Jubiläumskonzert der Kölner Kurrende in der Philharmonie

Köln – Die Besucher der Philharmonie sind wegen ihrer schlechten Eigenschaft in die Literatur eingegangen. Der Pianist und Schriftsteller Alfred Brendel widmete ihnen 1996 das satirische Gedicht „Die Huster von Köln“. Darin ist von einer „Satzung“ die Rede, in der die Deutlichkeit des Konzerthustens zur obersten Vereinspflicht erklärt wird. Den Mitgliedern wird eine „genaueste Kenntnis der Musikstücke“ attestiert, „damit bei leisen Stellen – besonders in der lähmenden Stille von Generalpausen – deutlich gehustet werden kann“.

Brendel war verärgert darüber, dass stets gerade die andächtigsten und wichtigsten Stellen seines Vortrages zerhustet wurden. Die Tradition hielt trotz dieses Spotts an. Wie eine chronische Krankheit.

Bis jetzt. Nun herrscht Stille, fast Andacht. Kein einziger Huster, kein Röcheln, nicht einmal ein Räuspern ist in der Philharmonie zu hören. So zum Beispiel am vergangenen Sonntag beim Konzert des Chors „Kölner Kurrende“ und des Gürzenich Orchesters. Man hätte eine Nadel fallen hören, könnte man in diesem Falle wirklich sagen, denn die Akustik der Philharmonie verstärkt jedes auch noch so kleine Geräusch.

Dirigent perplex über die Stille 

Chordirigent Michael Reif sagt: „Ich war total perplex, wie konzentriert das Publikum reagiert hat und wie es am Ende fast den Atem anzuhalten schien.“ Zum 50-jährigen Bestehen der Kurrende wurde Stefan Heuckes „Friede den Menschen“ uraufgeführt – eine Kantate nach einem Gebet aus dem Frauenkonzentrationslager Ravensbrück – , umrahmt von einem Penderecki-Stück und Beethoven.
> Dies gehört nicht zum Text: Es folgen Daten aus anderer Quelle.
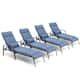 Option DarkBlue-4PC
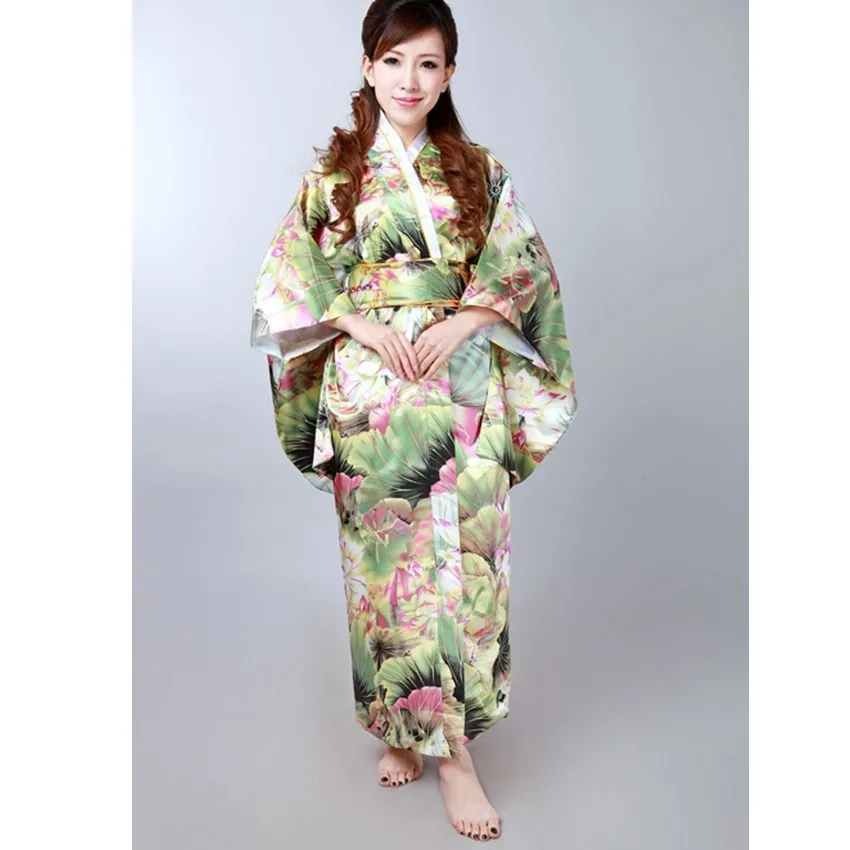 Japan frauen single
Erst einmal sei der Grund für das andächtige Zuhören wohl die Spannung gewesen, wie das moderne Stück klingen würde. Andererseits sei da aber auch ein – in diesem Fall geräuschloses – Aufatmen und eine Freude darüber gewesen, dass ein solches Chorkonzert wieder stattfinden kann.

Huster bleiben zuhause

Was er außerdem bemerkt: Die Besucher sind jünger als in Vor-Corona-Zeiten. Und dass weniger gehustet wird, hänge wohl auch damit zusammen, dass Menschen, die sich nicht ganz gesund fühlten, nun ohnehin zu Hause blieben.

Doch Reif geht noch weiter. „Mich haben Leute am nächsten Tag auf der Straße angesprochen und gesagt: Mein Gott, wie mutig, das Konzert mit diesen drei Stücken zu gestalten.“ Diese Aufmerksamkeit erinnere ihn an Zeiten von vor 20, 25 Jahren, als Konzertbesuche noch große Ereignisse waren. Es zeige sich nun in der Krise, wie sehr sich die Menschen nach wertiger Kultur sehnten und deshalb auch mit einer gewissen Haltung in ein Konzert gingen. Das sei auch eine Form der Wertschätzung für die Musiker.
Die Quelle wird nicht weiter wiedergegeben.